Glimpse inside the virtual church
The preacher, congregation and prayers will be real enough. Only the building will be virtual - but this 3D church could be a taste of things to come.
This is the view inside what's believed to be the first virtual church, due to be launched next month as part of a scheme to reach people who would not normally step inside an actual church.
The rafters, pulpit, altar and pews look real enough, in a cartoon-ish way. But the preacher and members of the congregation will actually be real, connecting via the web to each other to take part in real services.
The church, to be known as the Church of Fools, is being created for the Christian website Ship of Fools, which last year ran a virtual reality gameshow based on Noah's Ark.
Website editor Simon Jenkins says: "Some websites help people meditate and pray, but no one has built an interactive 3D church environment before - complete with gothic arches and hard wooden pews."
A real-life vicar will control the actions of a cartoon double, including welcoming the flock, announcing hymns and preaching.
"In different parts of the world, the congregation, too, will log on and become cartoon characters - and see each other on-screen," says Mr Jenkins.
"They will choose a pew to sit in, introduce themselves to other worshippers through speech bubbles, 'sing' a hymn, listen to the sermon, chat to each other afterwards, perhaps pray together. "
The congregation will also be invited to donate - a collection will be taken via SMS billing.
Although an unofficial move, the virtual church may well receive approval in the church hierarchy.
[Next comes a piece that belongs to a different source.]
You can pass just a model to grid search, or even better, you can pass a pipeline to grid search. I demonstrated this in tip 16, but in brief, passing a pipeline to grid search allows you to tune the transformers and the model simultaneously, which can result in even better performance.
The Archbishop of Canterbury, Dr Rowan Williams, has called for the church to become more "mission-shaped" by adopting new forms of worship, which could include new ventures such as "café churches".
But the Church of Fools could be an indication of how churches could develop. For instance, the diocese of Oxford is currently recruiting a "web pastor" to establish its own virtual church - "i-Church" - which will be considered a parish church in its own right.
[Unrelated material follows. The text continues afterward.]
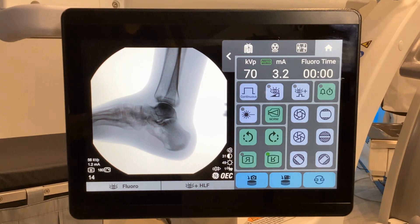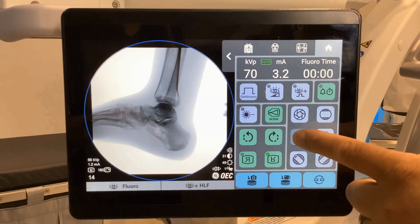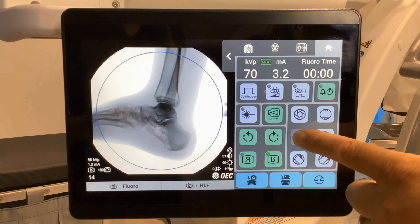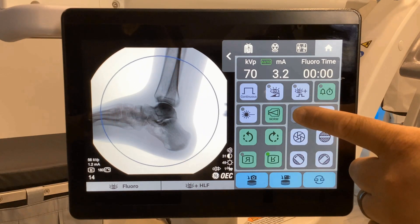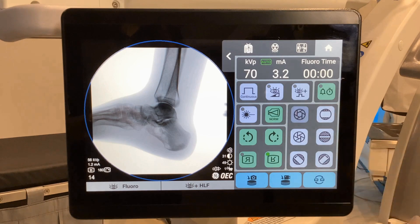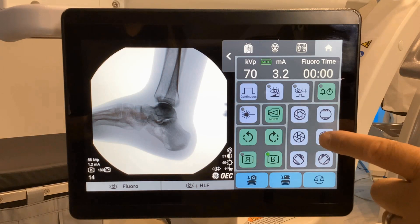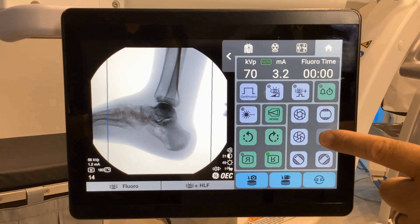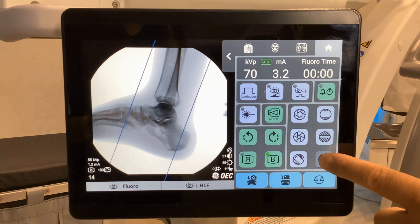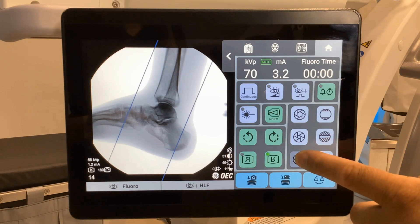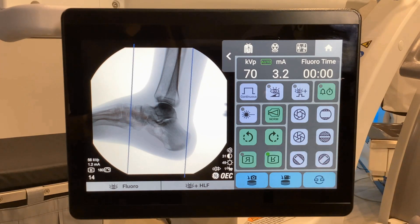Collimation. We have two different options for collimation. The first is iris collimation — close and open. Notice the preview lines. We also have shutter collimation — close. Notice the rotation options underneath, and open.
Its intention is to appeal to people who cannot get to church, people who do not want to go to a church building, or those for whom going to church on a Sunday is not enough.
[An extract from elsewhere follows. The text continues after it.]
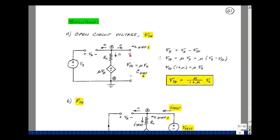Let's go around the loop. The rise in voltage equals a drop of zero times R_0, plus mu times V_x. So V_Thevenin equals mu times V_x. Now V_x is this node voltage V_s minus the node voltage V_Thevenin. Substituting back: V_Thevenin equals mu times the quantity (V_s minus V_Thevenin). Rearranging: V_Thevenin times (1 + mu) equals mu times V_s. Therefore, V_Thevenin equals mu divided by (1 + mu) times V_s.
The format of the i-Church has not yet been decided, but the Reverend Richard Thomas, director of communications for the Oxford diocese, says unlike the Church of Fools, it will not have cartoon graphics.
"We don't want any animated bells and whistles," he says. "We want to focus on real human relationships that are based in a real community, rather than media-driven interactivity."
When the Oxford church is functioning, members will probably communicate with each other through web chat or instant messaging. Services may be held in video, but the details are yet to be decided.